Raziel Raziel - 1 year ago 54
Linux Question

Verifying if entries are found in ranges

I have two files one contains a list of individual entries (fileA) and another file containing a list of ranges (fileB).

I want to find out which entries in fileA are found in any ranges in fileB.

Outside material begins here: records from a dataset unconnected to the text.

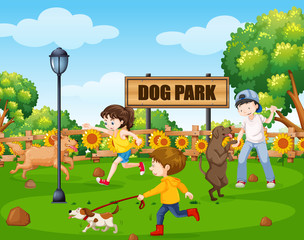 Dog park with people and their pets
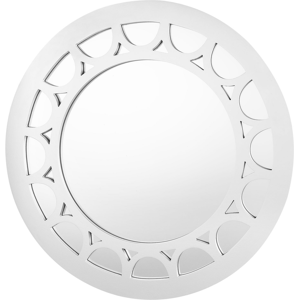 Beliani Wall Mirror Silver Glass ø 80 cm Round Wall Hanging Material:MDF Size:3x80x80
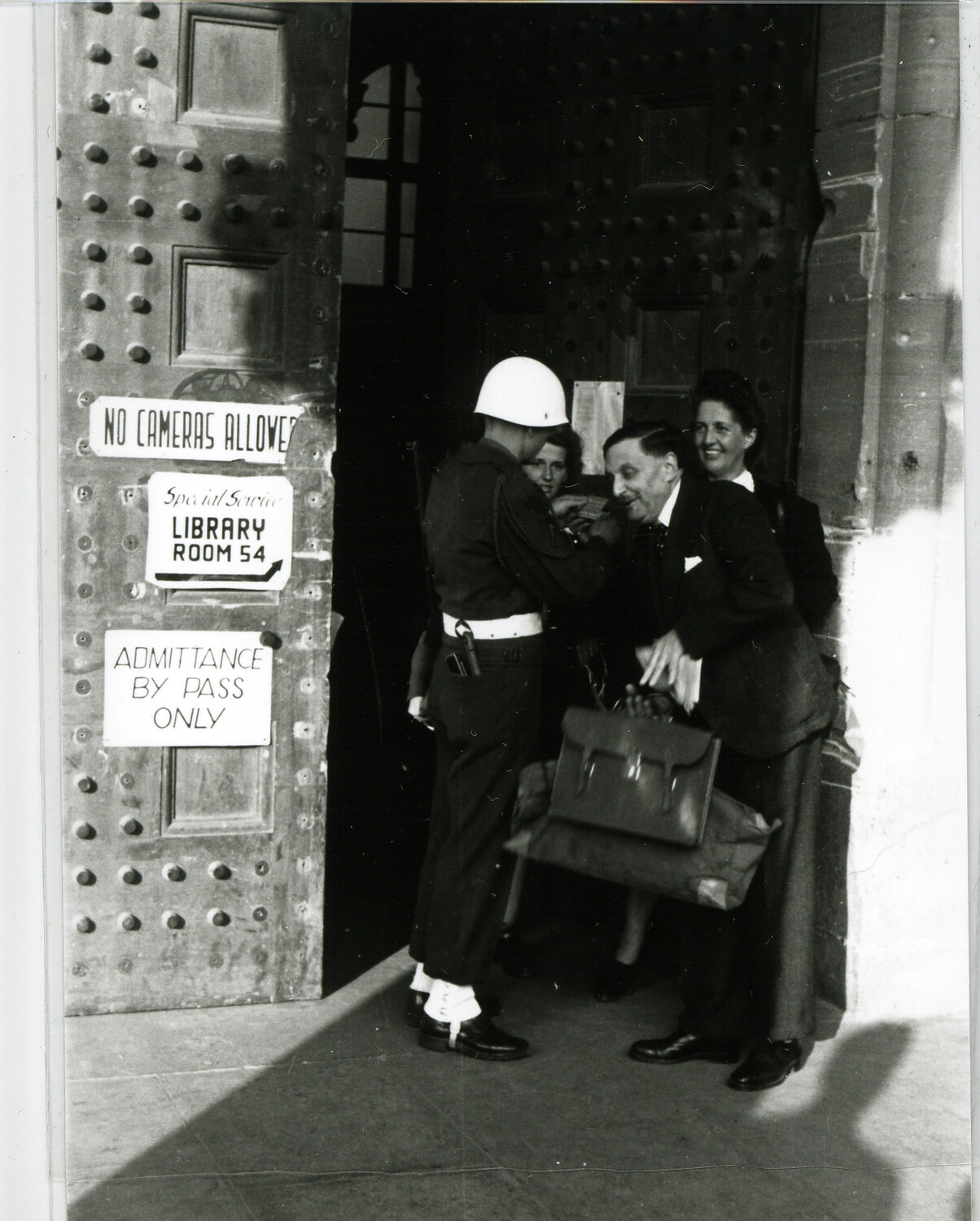 U.S. Military Police Checking Credentials at the Palace of Justice, Nuremberg Trials Era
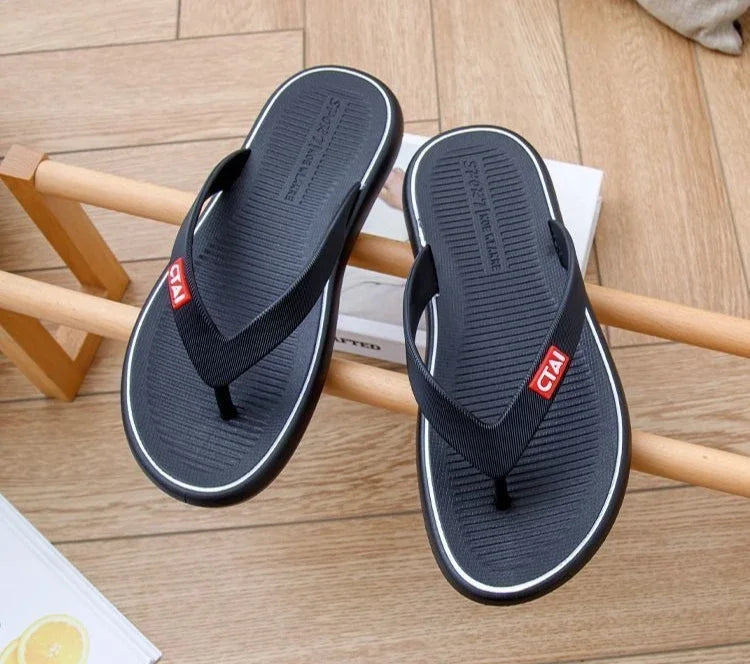 Red Flat Sandals Man Shiatsu Cheap Liquidation Summer Sale Slippers for Men Designer Luxury 2025 Fashion Mascullino Trend Shoes - Shopfly.co.uk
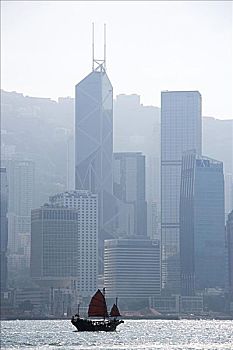 帆船,靠近,香港,摩天大楼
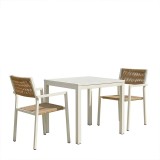 Tavolinë ngrënie Savor-Kliton set prej 3 pakoworld alumini i bardhë dhe rattan në ngjyrë natyrale 80x80x74cm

Sample entries in both files are

fileA

00100500000000
00100600000000
00100700000000
00100800000000
00100900000000
00101000000000
00101300000000
00101500000000
00101600000000
00101700000000
00101710000000
00101800000000
35014080000000
35014088000000
35067373000000


fileB

00100200000000,00100200999999
00100300000000,00100300999999
00100100000000,00100100999999
00100400000000,00100400999999
00100500000000,00100500999999
00100600000000,00100600999999
00100700000000,00100700999999
00100800000000,00100800999999
00100900000000,00100900999999
00101000000000,00101000999999
00101300000000,00101300999999
00101500000000,00101500999999
00101600000000,00101600999999
35048702000000,35048702999999
35048802000000,35048802999999
35077160000000,35077160999999
35077820000000,35077820999999
35085600000000,35085600999999


I used the below script but it takes about 6days to complete 140k entries in fileA and 50k of fileB. Is there a way to make it much faster?

list=`cat fileB`
for mobno in $list
do
LowVal="$(echo $mobno | cut -d, -f1)"
HighVal="$(echo $mobno | cut -d, -f2)"

while read ThisLine;
do [ ${ThisLine} -ge ${LowVal} ] && [ ${ThisLine} -le ${HighVal} ] && echo "${ThisLine}";done < fileA;
done;

Answer Source

You would have to test it for performance but the following awk script solution is an option:

NR == 1 && FNR == 1 { strt=1
        }
FNR == 1 && NR != 1 {
        strt=0
        }
strt==0 {
        pos=$0
        for (i in ranges) {
                split(i,arry,",")
                if ( pos >= arry[1] && pos <= arry[2]) {
                        print i" - "$0
                        }
                }
        }
strt==1 {ranges[$0]=""
        }

Run with:

 awk -f awkfile file B file A

Output:

00100500000000,00100500999999 - 00100500000000
00100600000000,00100600999999 - 00100600000000
00100700000000,00100700999999 - 00100700000000
00100800000000,00100800999999 - 00100800000000
00100900000000,00100900999999 - 00100900000000
00101000000000,00101000999999 - 00101000000000
00101300000000,00101300999999 - 00101300000000
00101500000000,00101500999999 - 00101500000000
00101600000000,00101600999999 - 00101600000000
00101700000000,00101700999999 - 00101700000000
00101710000000,00101710999999 - 00101710000000
00101800000000,00101800999999 - 00101800000000

We are essentially reading both files in using the variable strt to determine the end of one file and the start of the other. We read the ranges into an array (ranges) and then remove the leading zeros from both the ranges and each value in fileA to do the comparison.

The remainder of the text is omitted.